Line by line, repeat the material below exactly and leave the images out.
(DATASET begins)
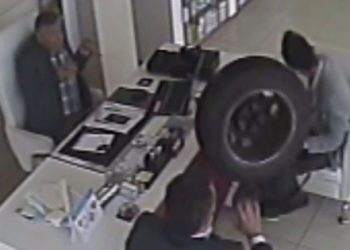Adana’da fırlayan tekerlek eczaneye girdi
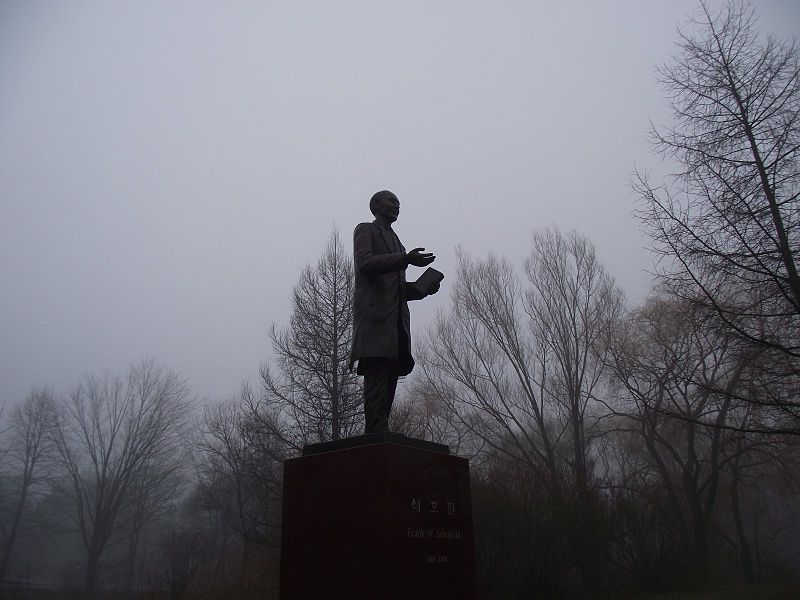 File:Scholfield statue toronto.JPG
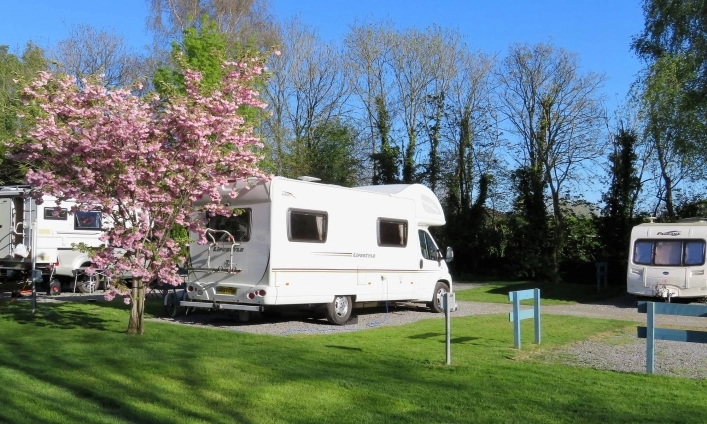 Cheddar Touring Caravan and Camping Park - zdjęcie 2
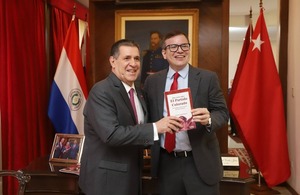 José Fernando Duarte presenta libro sobre el Partido Colorado
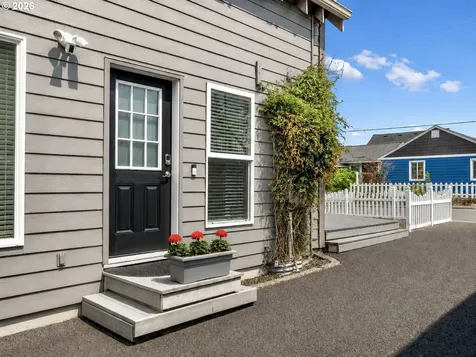326 Avenue G Seaside OR 97138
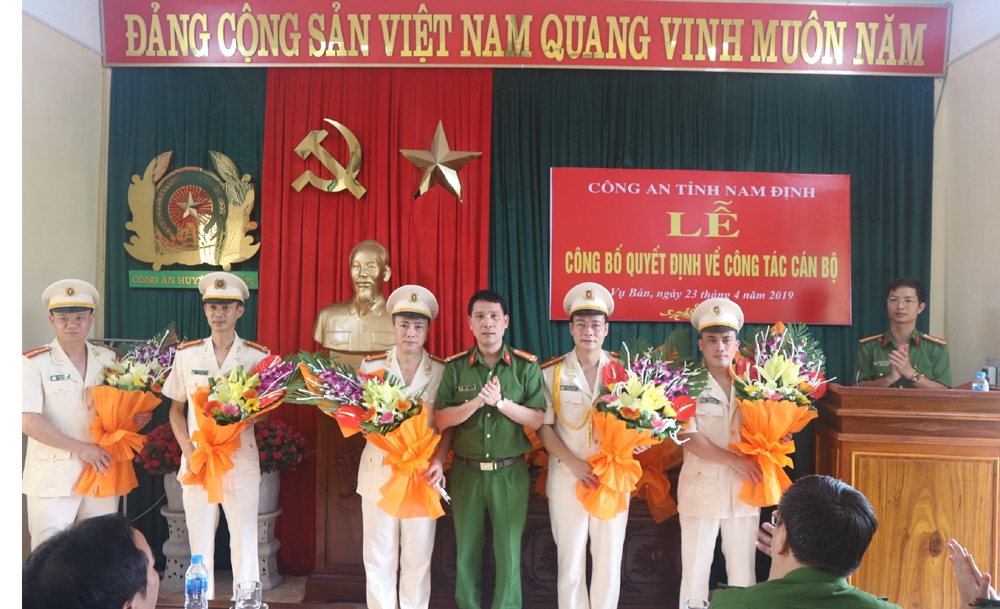 nam dinh cong an huyen vu ban no luc vi cuoc song binh yen cua nhan dan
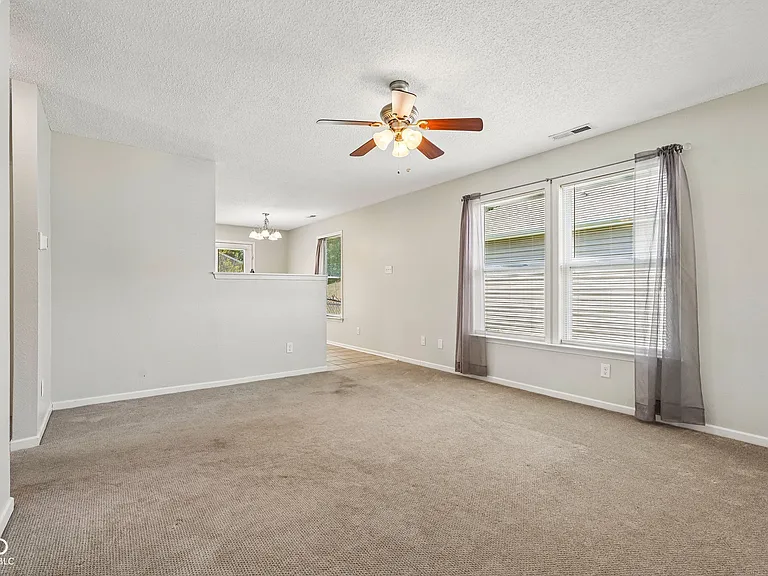 1754 Elijah Blue Dr — Photo 5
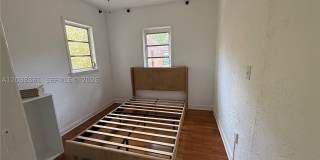 1719 Hayes St Gallery 6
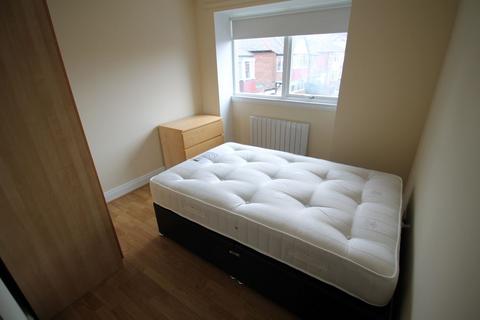 2 bedroom flat to rent, Deneside Court, Newcastle upon Tyne NE2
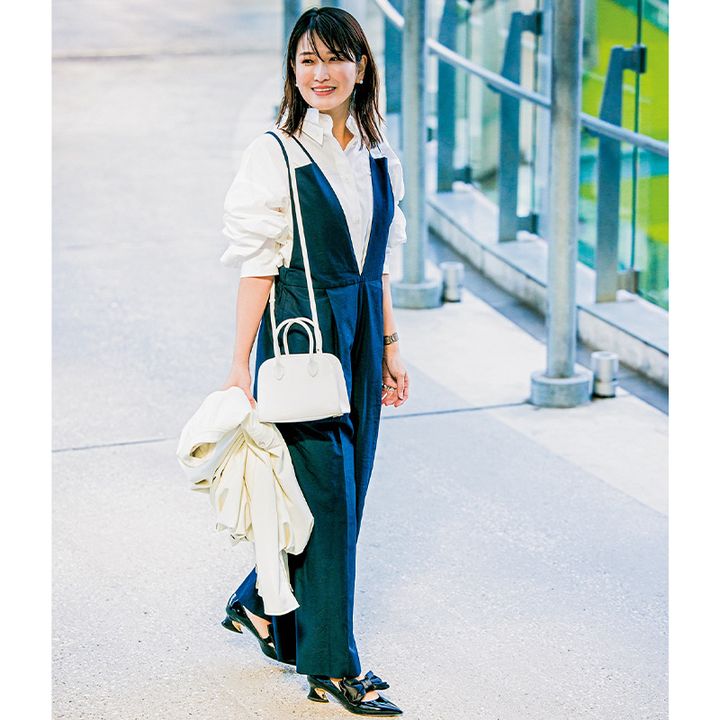 サスペンダーパンツ,ママのコーディネート,仕事,白シャツ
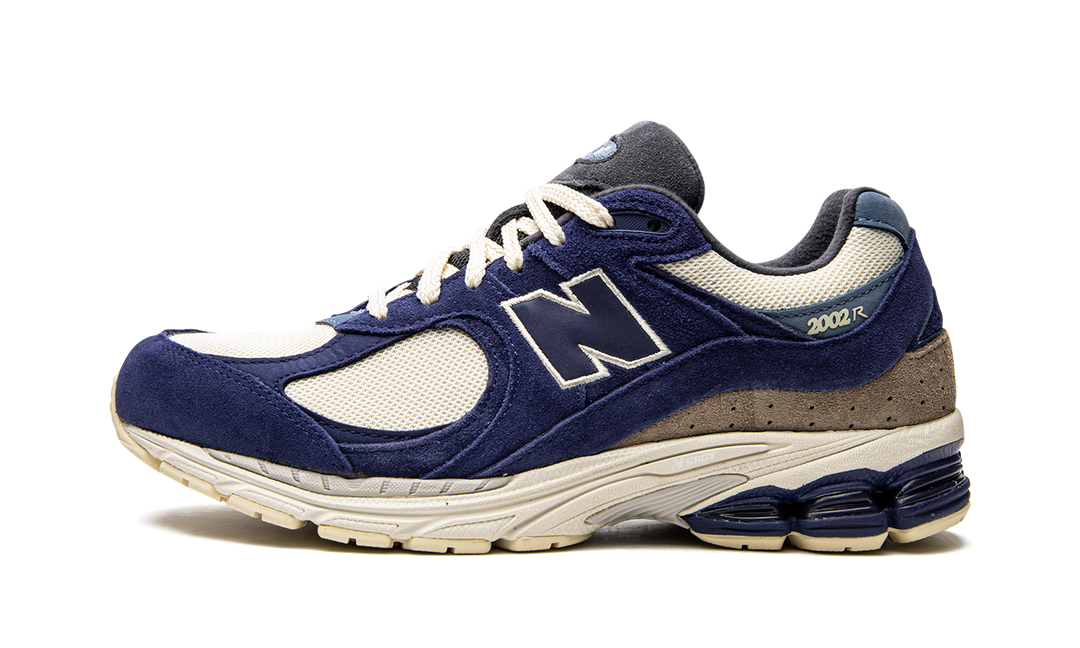 NEW BALANCE 2002R &
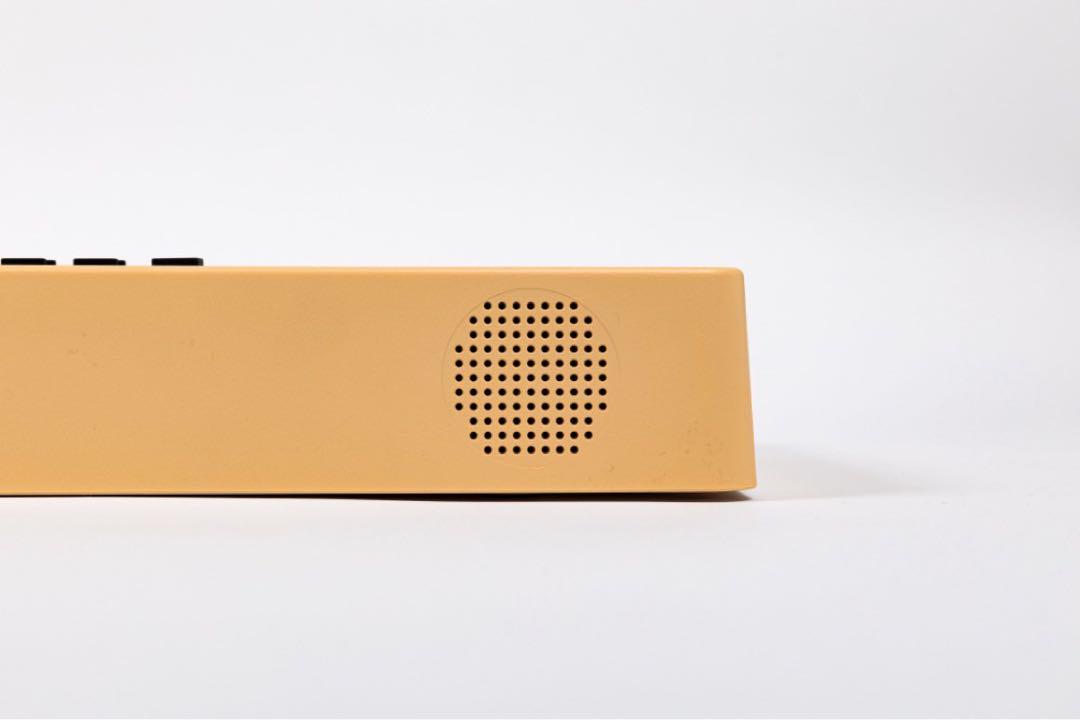 電子ピアノ　88鍵盤　充電タイプ　スリム軽量 ベージュ Amazon | Carina 電子ピアノ 88鍵盤 キーボード 軽量スリム 充電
(DATASET ends)
SOLVED PROBLEM:
Adana’da fırlayan tekerlek eczaneye girdi
 File:Scholfield statue toronto.JPG
 Cheddar Touring Caravan and Camping Park - zdjęcie 2
 José Fernando Duarte presenta libro sobre el Partido Colorado
326 Avenue G Seaside OR 97138
 nam dinh cong an huyen vu ban no luc vi cuoc song binh yen cua nhan dan
 1754 Elijah Blue Dr — Photo 5
 1719 Hayes St Gallery 6
 2 bedroom flat to rent, Deneside Court, Newcastle upon Tyne NE2
 サスペンダーパンツ,ママのコーディネート,仕事,白シャツ
 NEW BALANCE 2002R &
 電子ピアノ　88鍵盤　充電タイプ　スリム軽量 ベージュ Amazon | Carina 電子ピアノ 88鍵盤 キーボード 軽量スリム 充電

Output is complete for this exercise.